None of this smacks of parliamentary democracy, certainly, but it is a little better than the picture we had before the current elections.

Will the turnout be low, a record low or, will it increase after all compared with 2011, which is certainly unlikely?

It is official policy in Russia to keep the turnout low. This is facilitated by restrictions on voting, by moving the date of the elections, and by the lack of an interesting campaign and debates. There are various methods in this case, including the fact that sometimes it is hard to find out where your polling station is located. They like to move around.

The [nominally ethnic] republics come to the rescue when it is a matter of rounding the nationwide figures up. They produce super-high turnouts, so we are ensured a fairly decent average room temperature. But the turnout will be low in the central Russian regions and major cities. This is bad, because it will be easier to engage in vote fixing and increase the share of votes for the victorious party, and a large faction in the Duma only degrades the quality of lawmaking.

Why is a low turnout good for the regime?

When the turnout is low, the outcome of the elections is determined by how organized groups vote, and by that I don’t mean carousel voting. By organized groups, I mean civil servants, military personnel, law enforcement officers, employees of state-subsidized workplaces, and housing maintenance and utilities workers. These are people who show up at their polling stations in organized fashion, people whose votes are predictable. If the turnout is high, their votes dissolve amid the bulk of votes. If the turnout is low, they are the people who determine the outcome.

We have touched on the topic of electoral fraud. Should we expect to see it in the flagrant form in which it was observed earlier, including the famous carousels and ballot stuffing?

After the 2011–2012 protests, we have an officially declared policy of clean elections. Its goal is to prevent high-profile scandals that might set off protests. If you recall, the 2011 campaign itself was not very vivid and exciting. All the interesting things happened after the vote, things no one anticipated before the elections. It is another matter that the 2011 campaign took place in different circumstances, so maybe our political managers are needlessly fearing a repetition of what cannot happen again. But don’t tell them I said that. Let them be afraid. It is good for them and the quality of the process.

I think efforts will be made to ensure we do not see flagrant outrages. But there is a complication here. Much of what we identify as electoral outrages occur in areas controlled by local leaders and a consequence of the stances they adopt. It is very difficult to persuade a governor he will be judged by how honest the elections came off in his region rather than by the terrific numbers he turned in, that he will not be compared with the governor of the neighboring region, who produced better figures.

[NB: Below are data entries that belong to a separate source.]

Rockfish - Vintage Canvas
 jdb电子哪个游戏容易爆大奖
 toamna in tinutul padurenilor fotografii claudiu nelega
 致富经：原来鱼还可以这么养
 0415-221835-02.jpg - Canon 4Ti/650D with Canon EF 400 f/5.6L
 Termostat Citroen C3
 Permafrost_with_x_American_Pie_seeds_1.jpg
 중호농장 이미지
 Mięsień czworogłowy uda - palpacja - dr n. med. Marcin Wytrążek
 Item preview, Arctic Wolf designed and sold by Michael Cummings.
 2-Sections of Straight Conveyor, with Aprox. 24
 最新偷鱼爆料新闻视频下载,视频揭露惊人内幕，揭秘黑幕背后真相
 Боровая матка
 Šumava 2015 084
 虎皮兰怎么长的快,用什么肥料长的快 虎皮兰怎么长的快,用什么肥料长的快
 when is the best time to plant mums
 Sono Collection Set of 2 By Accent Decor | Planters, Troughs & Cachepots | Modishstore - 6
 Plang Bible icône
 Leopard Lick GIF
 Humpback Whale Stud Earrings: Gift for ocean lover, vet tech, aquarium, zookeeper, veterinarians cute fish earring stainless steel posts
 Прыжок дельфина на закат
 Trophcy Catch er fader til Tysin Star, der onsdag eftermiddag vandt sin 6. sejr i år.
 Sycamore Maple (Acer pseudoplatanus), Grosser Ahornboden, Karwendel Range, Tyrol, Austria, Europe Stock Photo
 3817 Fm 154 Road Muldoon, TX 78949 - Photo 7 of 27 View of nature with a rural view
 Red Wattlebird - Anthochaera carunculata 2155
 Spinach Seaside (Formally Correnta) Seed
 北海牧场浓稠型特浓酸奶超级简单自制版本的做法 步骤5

The second difficulty are the ethnic republics. Who is going to tell them not to engage in vote rigging? No one. They live according to their own rules, and they don’t particularly listen to anyone. Maybe there will not be any scandals there, just because no one sees what goes on there.

I think that, in the central Russian regions and major cities, attempts to run the elections more or less decently will be successful. Our system is so closed at the point of entry, and the electoral process is so controlled during the campaign (I am talking about leafletting and advertising, access to the media, and financing) that, after all this, playing funny with the numbers at the very end is simply a sign of managerial idiocy. If you have already set up everything as you see fit, built yourself a stadium, bought off a judge, and jog on а separate track, you can get by without putting up the “right” numbers on the display panel.

What is the point of the spoiler parties, then?

New parties arise every election cycle. It is a consequence of our immature party system. I wouldn’t call them spoilers. Their function is more to entertain voters and show them something new is happening.

The political arena is so controlled that, consequently, it has become totally moribund. It is hard to interest anyone in the dances of people who have been dancing the same jig for twenty-five years. So something new pops up every new election cycle. They say, look, we have something funny, something shocking, something provocative, although I doubt whether any of this is really capable of shocking or provoking anyone. New parties must flash before the eyes of voters so there is some kind of novelty. Moreover, they are not spoilers, but also work as warm-up acts for the major parties. Of course, they are also meant to disintegrate our unhappy urban electorate, so that people do not vote for someone who would make it into parliament and become a voice of the people in government.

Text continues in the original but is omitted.